[TASK REQUIREMENTS] Set down every record below exactly as it stands, with the pictures omitted.

Top of PROVIDED MATERIAL

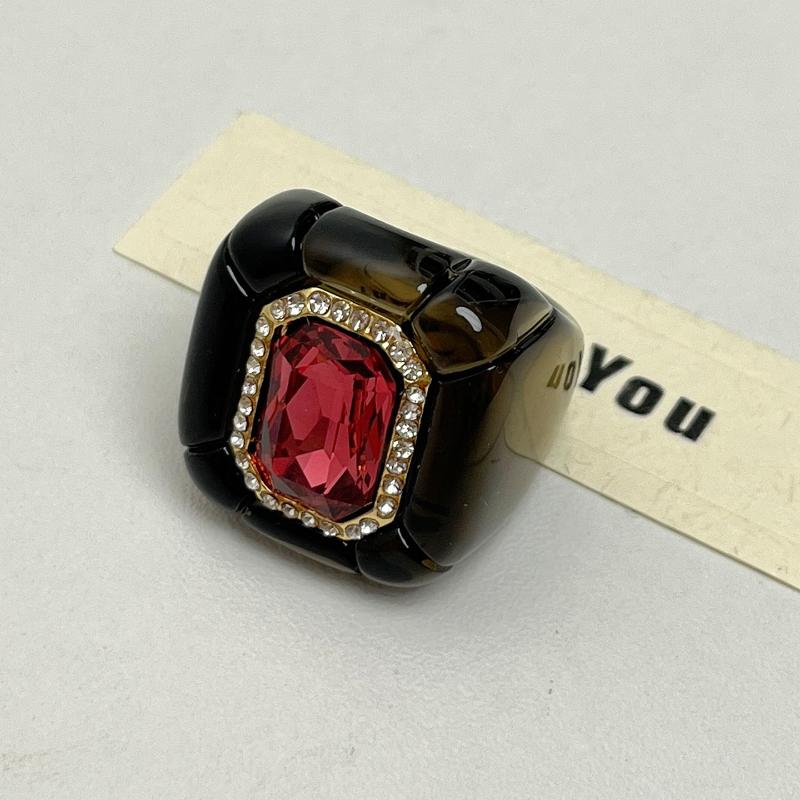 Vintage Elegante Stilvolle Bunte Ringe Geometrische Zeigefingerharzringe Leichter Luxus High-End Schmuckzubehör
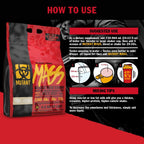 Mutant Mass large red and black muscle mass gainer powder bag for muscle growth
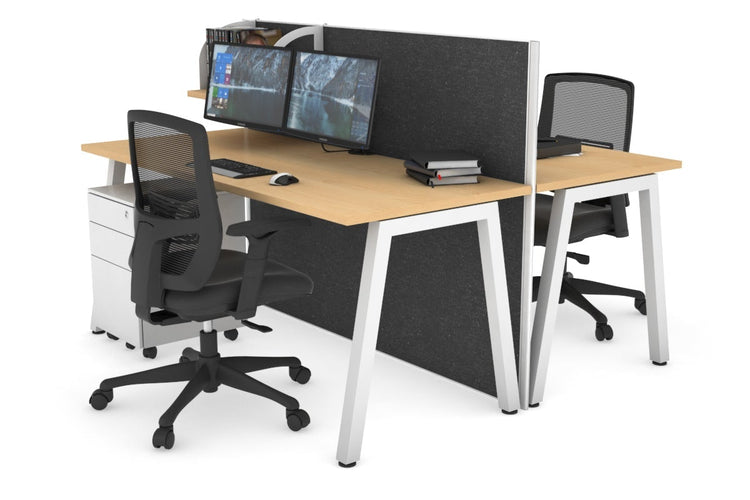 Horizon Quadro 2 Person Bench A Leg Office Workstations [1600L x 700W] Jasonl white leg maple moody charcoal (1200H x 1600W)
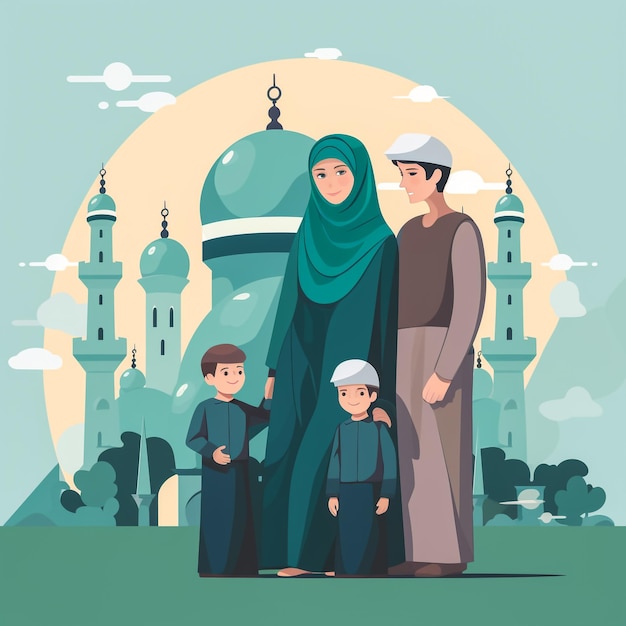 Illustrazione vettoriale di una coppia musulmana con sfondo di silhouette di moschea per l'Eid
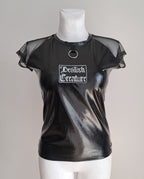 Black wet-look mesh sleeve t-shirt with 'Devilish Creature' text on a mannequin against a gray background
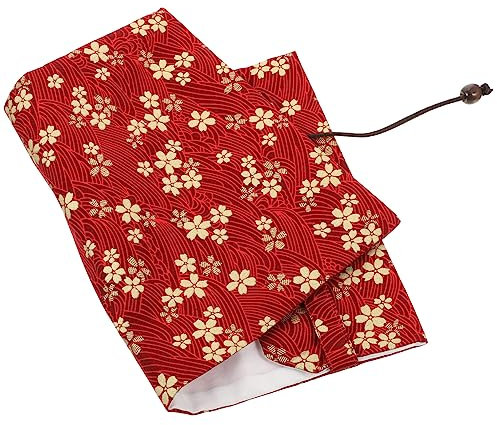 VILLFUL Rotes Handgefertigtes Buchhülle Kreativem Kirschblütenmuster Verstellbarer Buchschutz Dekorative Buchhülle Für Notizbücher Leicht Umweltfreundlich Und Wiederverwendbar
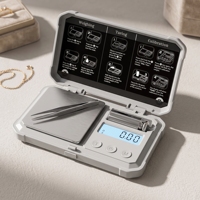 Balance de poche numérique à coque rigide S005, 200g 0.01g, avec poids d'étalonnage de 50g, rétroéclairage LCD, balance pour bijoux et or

Bottom of PROVIDED MATERIAL

[TASK RESPONSE]
 Vintage Elegante Stilvolle Bunte Ringe Geometrische Zeigefingerharzringe Leichter Luxus High-End Schmuckzubehör
 Mutant Mass large red and black muscle mass gainer powder bag for muscle growth
 Horizon Quadro 2 Person Bench A Leg Office Workstations [1600L x 700W] Jasonl white leg maple moody charcoal (1200H x 1600W)
 Illustrazione vettoriale di una coppia musulmana con sfondo di silhouette di moschea per l'Eid
 Black wet-look mesh sleeve t-shirt with 'Devilish Creature' text on a mannequin against a gray background
 VILLFUL Rotes Handgefertigtes Buchhülle Kreativem Kirschblütenmuster Verstellbarer Buchschutz Dekorative Buchhülle Für Notizbücher Leicht Umweltfreundlich Und Wiederverwendbar
 Balance de poche numérique à coque rigide S005, 200g 0.01g, avec poids d'étalonnage de 50g, rétroéclairage LCD, balance pour bijoux et or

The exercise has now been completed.